INFORMATION SHOWN:
== Segment start ==
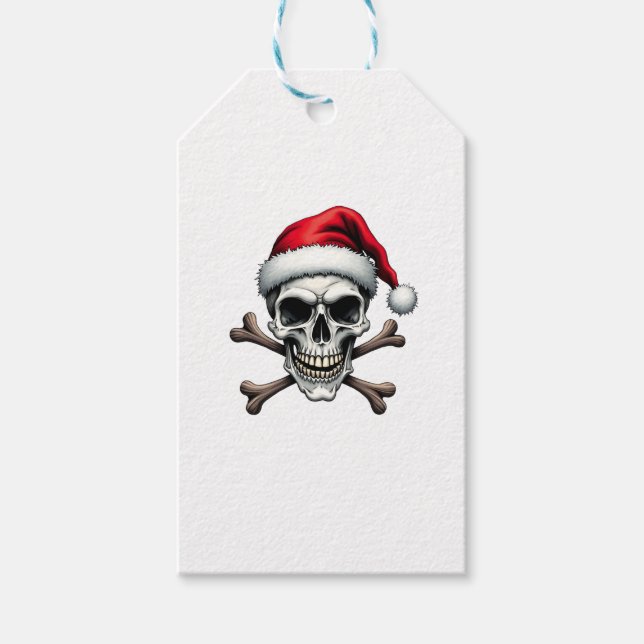 Étiquettes-cadeau Pirate Christmas Skull & Crossbones Santa Hat. Got (Devant)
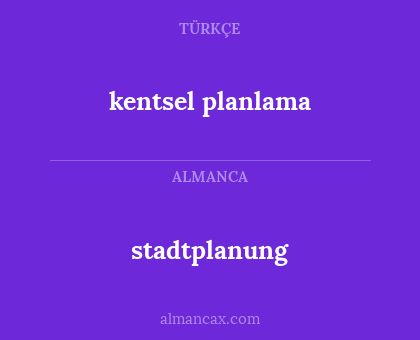 kentsel planlama - stadtplanung
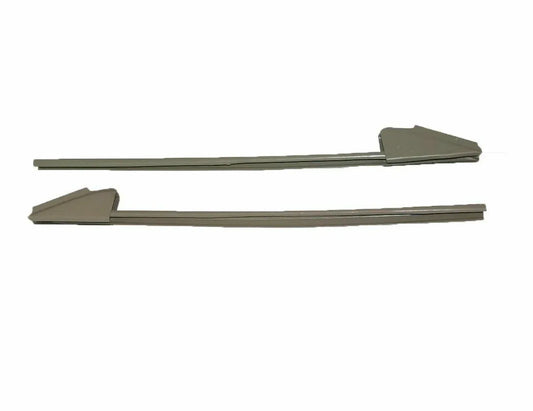 Front door channel set with two dark gray metal strips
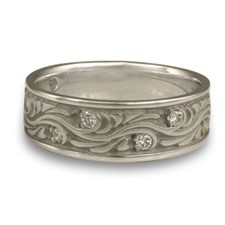 Wide Starry Night Wedding Ring with Gems  in Platinum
== Segment end ==
When you write out the material, reproduce each line exactly and omit any picture it holds.

OUTPUT:
 Étiquettes-cadeau Pirate Christmas Skull & Crossbones Santa Hat. Got (Devant)
 kentsel planlama - stadtplanung
 Front door channel set with two dark gray metal strips
 Wide Starry Night Wedding Ring with Gems  in Platinum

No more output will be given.